Topics: Iraq war, Liberalism, Politics News
Here’s a quote I can’t get out of my head. It’s from Scott Ritter, the former U.N. arms inspector-turned-antiwar activist. Last fall, he spoke of that now-infamous Saddamite prison that housed, yes, children. It was liberated by U.S. forces last week. Kids came out of the darkness alternately giving thumbs up and holding their wrists together to indicate that they had been handcuffed. Their crimes? Having politically incorrect parents or not joining the Hitler, er, Saddam Youth brigades. Here’s what Ritter said in Time about that hellhole:
“The prison in question was inspected by my team in Jan. 1998. It appeared to be a prison for children — toddlers up to pre-adolescents — whose only crime was to be the offspring of those who have spoken out politically against the regime of Saddam Hussein. It was a horrific scene. Actually I’m not going to describe what I saw there because what I saw was so horrible that it can be used by those who would want to promote war with Iraq, and right now I’m waging peace.”
That last sentence is about as depraved a sentence as I can imagine. Ritter deliberately obscured unspeakable horror in the quest for what he called “peace.” At least, I suppose, he was honest about it at the time. In the New York Times on Friday, a CNN honcho named Eason Jordan finally unburdens himself of horrors caused by Saddam that he had kept silent about until now in order to protect lives he felt responsible for. I respect his motives. But I do not respect his reluctance to report the reality of such evil.

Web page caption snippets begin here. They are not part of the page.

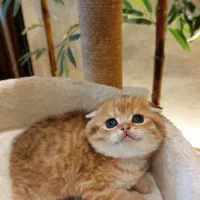 گربه چاقالو و خوشگل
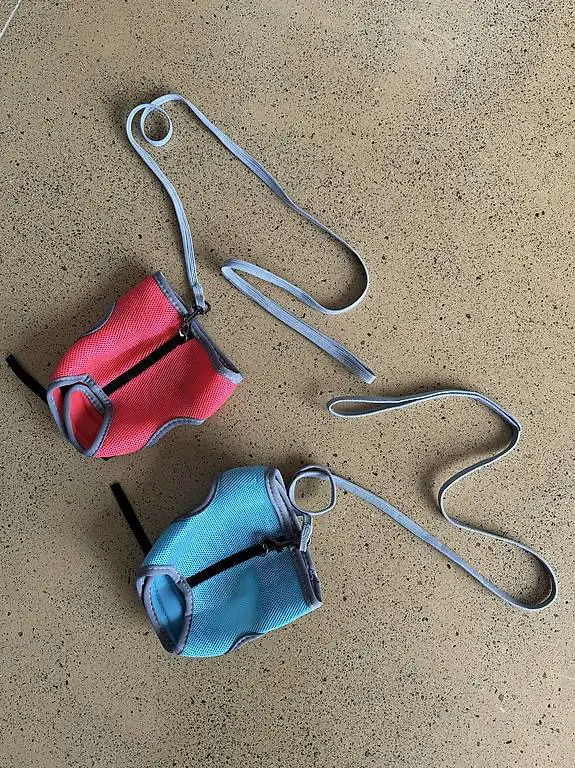 Kleintier Brustgurt mit Leine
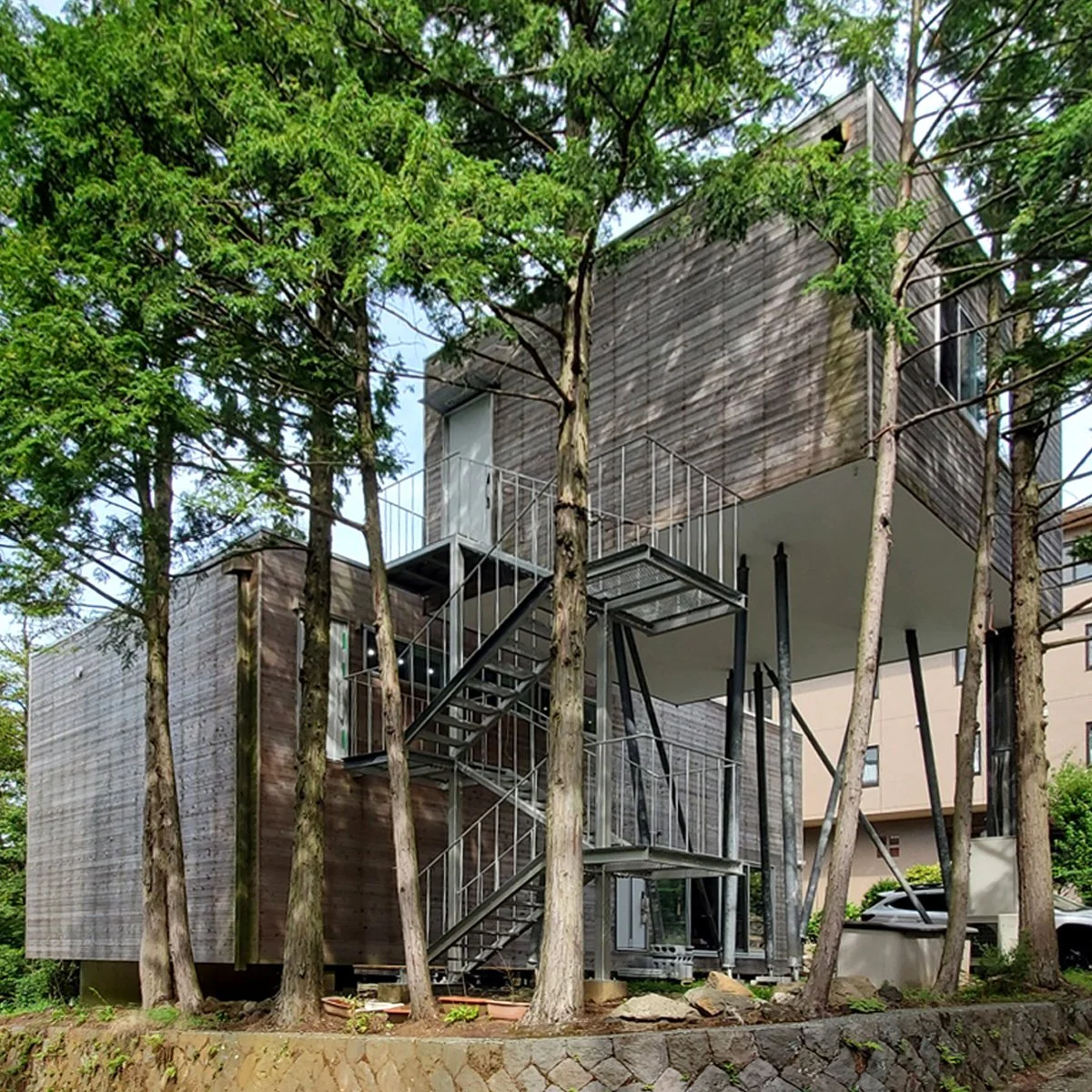 Treetop House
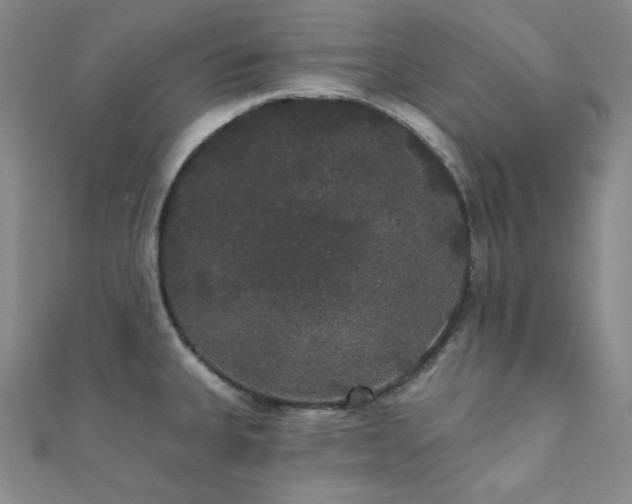 X0000112001335200908031221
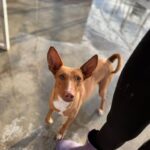 PHOTO-2025-03-21-22-14-05 2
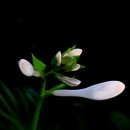 좋은나무 이미지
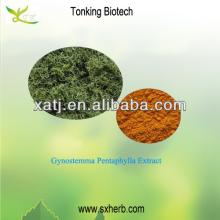 Gynostemma pentaphyllum extract Gypenoside 80% 98% Gynostemma tea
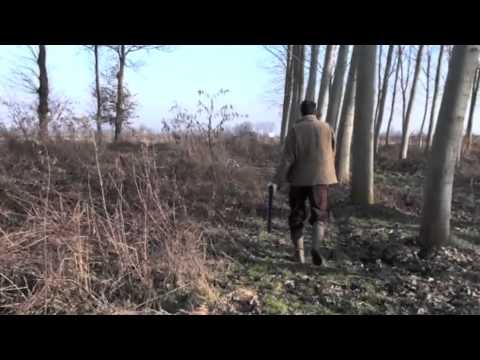 Caccia al Fagiano con Espagneul Breton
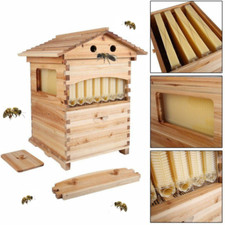 Arnie automatiche Casetta per alveari Casetta per apicoltura con 7 telai per api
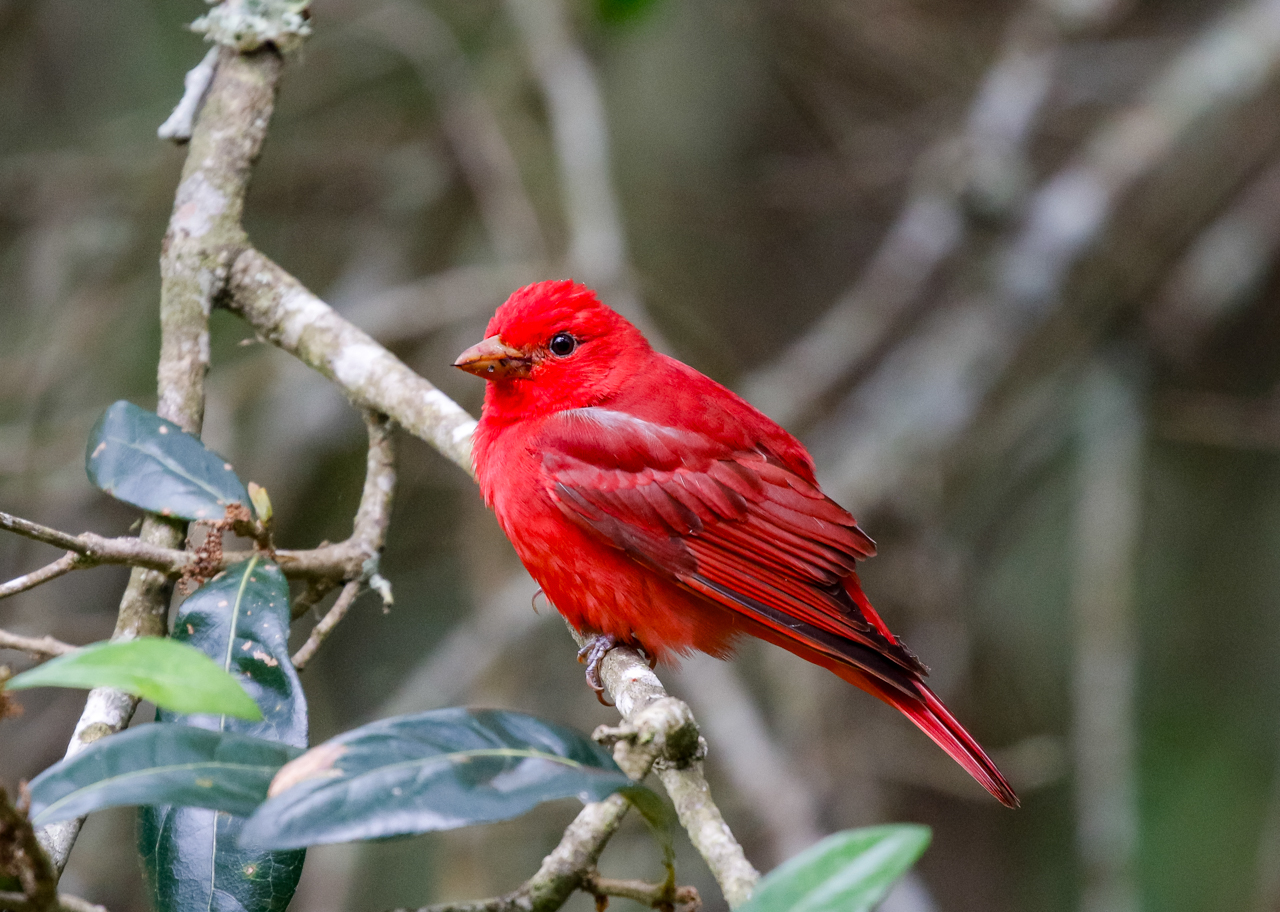 Summer Tanager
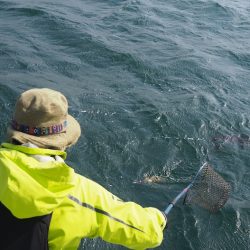 水天丸 釣果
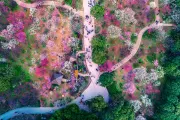 The best places to see cherry blossoms around the world thumbnail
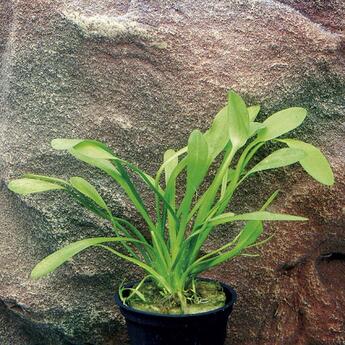 Aquarium Vordergrundpflanze Zac-Wasserpflanzen: Saggitaria subulata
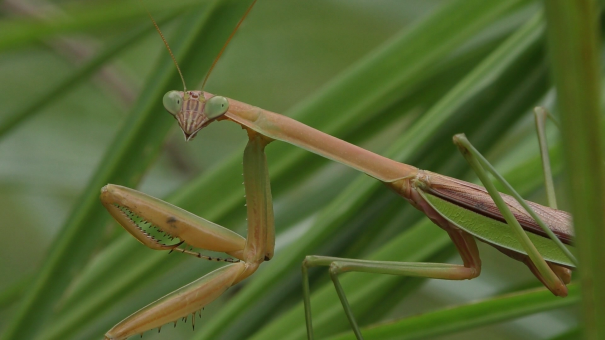 生き物解説】カマキリの眼に大注目「夜はサングラス？」 | トヨタの森 公式ブログ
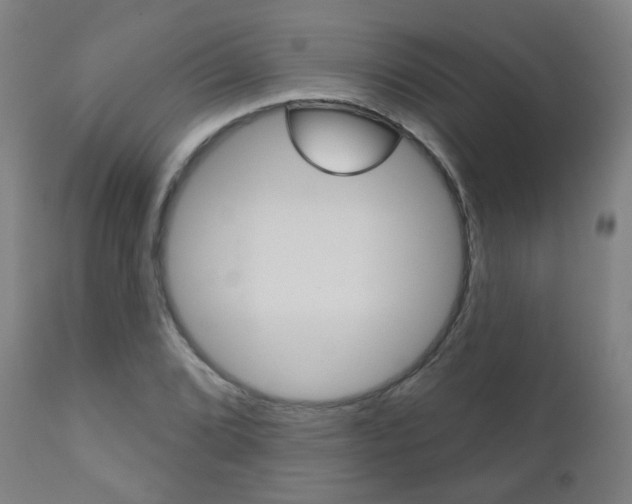 X0000111001072200906191138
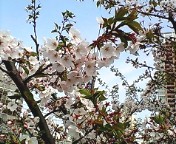 桜2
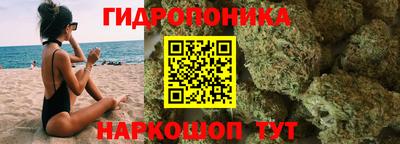 ешки Гай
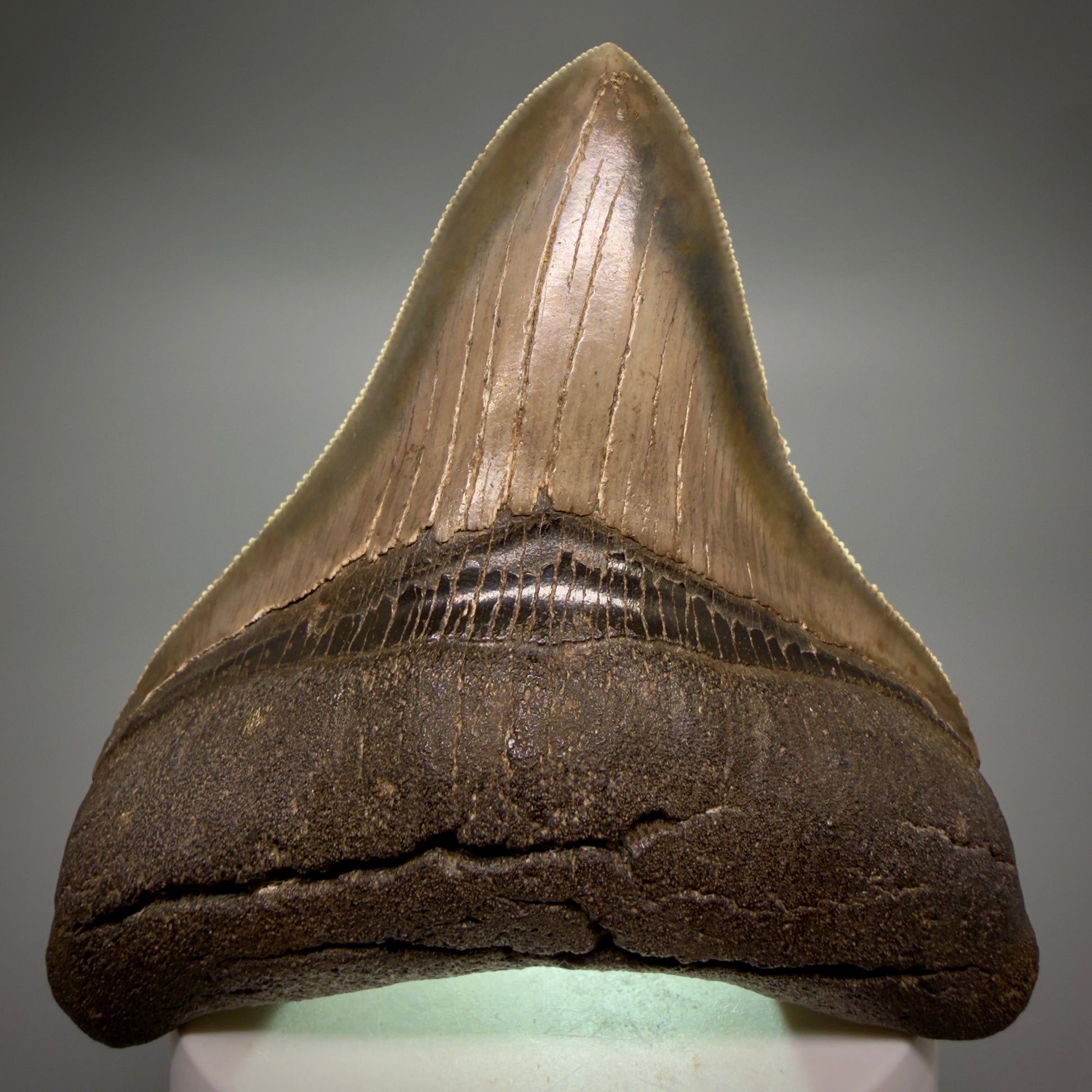 Front View Colorful, high quality lateral 3.61" Fossil Megalodon Tooth from Georgia, USA CM6268 - 2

It has been a week of some vindication for hawks, but doves are right in denying that their full arguments — about the dangers of preemptive war, fomenting terrorism, destabilizing world alliances, and so on — are thereby proven wrong. But there’s one thing we do now know: That this regime was vile beyond most words; that it was truly evil; that its victims piled up endlessly, irrationally, brutally, as far as the horizon. There is absolutely no doubt that this war therefore saved lives. Compared to the relentless slaughter of Saddam’s own people, let alone the terror they lived under, the allied campaign was a model of restraint and liberation, the most precise invasion in world history.
So deal with this: The antiwar movement wittingly and unwittingly played a central part in extending Saddam’s regime. I can see why some conservatives would be able to rationalize this. In a Kissingerian world of realpolitik, the victims of totalitarianism are not as important as Great Power politics, as good ties with Russia and France, as stabilizing regimes like those of Saudi Arabia and Syria. In a Tory world, where only national self-interest should motivate foreign intervention, abandoning children to a dungeon is of no major matter. But what of liberals? The delirium in the streets of Baghdad and Mosul and Basra is the flip side of a misery that we in the West cannot even begin to fathom. And yet millions of free men and women marched to keep it in power. Millions. Maybe you did. Even if you still believe it was wrong to wage this war, can you not see this point at least? That in the equation of reason, the lives of so many oppressed people should count for something?